In binary, this looks like:
0000111111111111000011110000000000001111000011111111000011111111
Or in hex:
0x0FFF0F000F0FF0FF
If we proceed to isolate the lowest of the four bits, we end up with something like:
0x0111010001011011
With gaps between the bits, the population count can be computed by simply
multiplying this value with 0x1111111111111111. Long multiplication
in base 16 as illustration:
1111111111111111 * 0111010001011011
-----------------------------------
0 111010001011011
0 1 11010001011011
01 1 1010001011011
011 1 010001011011
0111 0 10001011011
01110 1 0001011011
011101 0 001011011
0111010 0 01011011
01110100 0 1011011
011101000 1 011011
0111010001 0 11011
01110100010 1 1011
011101000101 1 011
0111010001011 0 11
01110100010110 1 1
011101000101101 1
-----------------------------------
012334444556778 9 987665555443221
The sum of all nibbles ends up in the highest nibble of the truncated 64-bit result. If the popcount is below 16, none of the nibbles will overflow. Unfortunately, a popcount of 16 is possible as a corner case, so I ended up with the following:
((v & 0x1111111111111111) * 0x0111111111111111 >> 60) + (v & 1)

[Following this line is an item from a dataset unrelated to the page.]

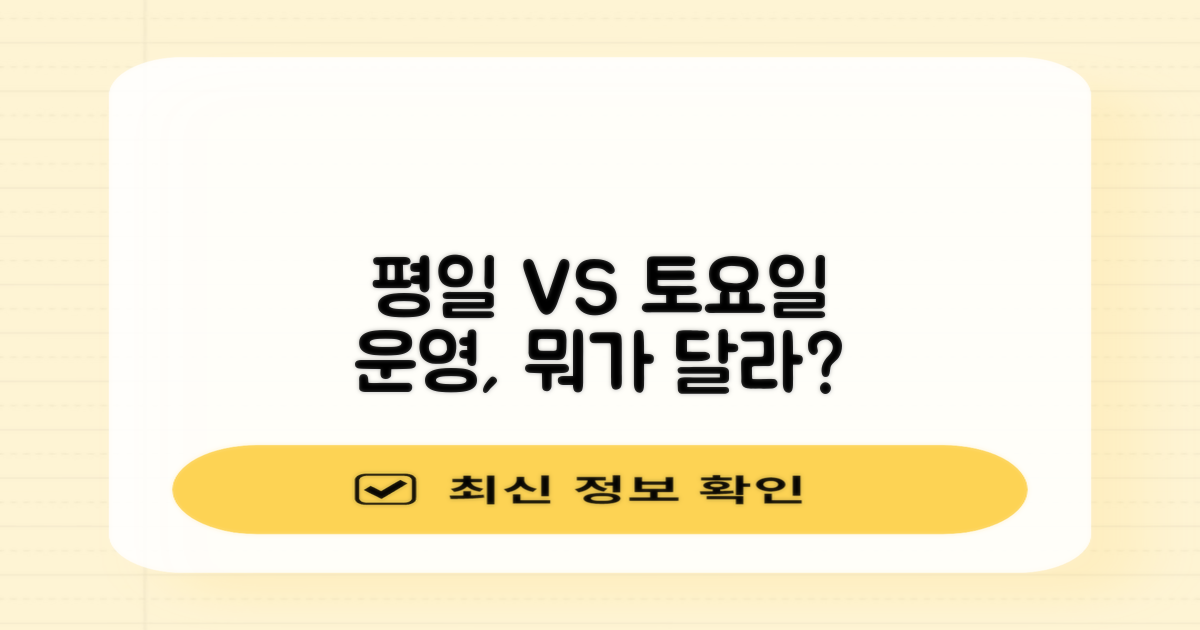 평일 vs. 토요일 운영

This seems to be faster than __builtin_popcount, especially on older
ARM Cortex CPUs.
Results
Here are the results from a synthetic benchmark repeatedly scanning 10MB of data on several of my desktops, notebooks and smartphones. All numbers in GB/s.
Intel AVX (SSE)
- Core i5-14600, 5.2 GHz
- Core i5-4590T, 3.0 GHz
The AVX benchmark was compiled with -march=x86-64-v3 and the SSE
benchmark with -march=x86-64-v2.
i5-14600 i5-4590T
xmlScan: 50.5 (29.4) 14.6 (9.0)
xmlScanLines: 36.0 (15.4) 10.8 (4.8)
xmlScanUtf8: 20.3 (11.8) 6.8 (3.7)
xmlScanLinesUtf8: 14.9 (7.5) 5.4 (2.7)
ARM Neon
- Apple Macbook Air M2 (Apple M2, 3.5 GHz)
- Google Pixel 10 Pro XL (Cortex-X4, 3.78 GHz)
- Huawei P20 Pro (Cortex-A73, 2.4 GHz)
M2 X4 A73
xmlScan: 30.3 27.7 3.5
xmlScanLines: 14.9 15.7 2.5
xmlScanUtf8: 11.6 7.9 1.1
xmlScanLinesUtf8: 6.8 5.8 0.9
Performance on ARM Neon is hampered by the narrow 128-bit SIMD
registers and the lack of instructions like pmovmsk and popcnt.
But it is well known that Apple Silicon can make this up by executing
an extraordinarily large number of instructions per cycle. The
Cortex-X4 performance core is remarkable as well, even beating
Apple's M2 in one of the benchmarks.
Depending on the platform, scanning with UTF-8 validation and line/column accounting achieves speeds of 5-15 GB/s on modern platforms. ASCII text without line numbers can be scanned at 25-50 GB/s.
These improvements mostly apply to files with lots of text data. But large text sections are one of the main reasons for multi-gigabytes XML files. Then there are applications like SVG which typically have large attribute values containing vector paths and profit immensely from these optimizations. Here's a real-world example with an 88MB SVG file taken from Wikipedia demonstrating a 13.8× speed-up with xmllint's built-in benchmark:
$ xmllint --timing --repeat --sax --noout \
Municipalities_of_Italy.svg
100 iterations took 13156 ms
$ build/xmllint --timing --repeat --sax --noout \
Municipalities_of_Italy.svg
100 iterations took 951 ms
Text-heavy and lightly marked up XML like DocBook files are typically parsed 1.5-2× faster. You can also see 2-3× speed-ups when parsing UTF-8 files with many Unicode characters. The SIMD validator is branchless and operates at GB/s speed regardless of input data. On the other hand, files containing mostly elements and small ASCII text segments won't see any improvements. While there's still some potential for optimization, libxml2 was never designed to be the most performant XML parser.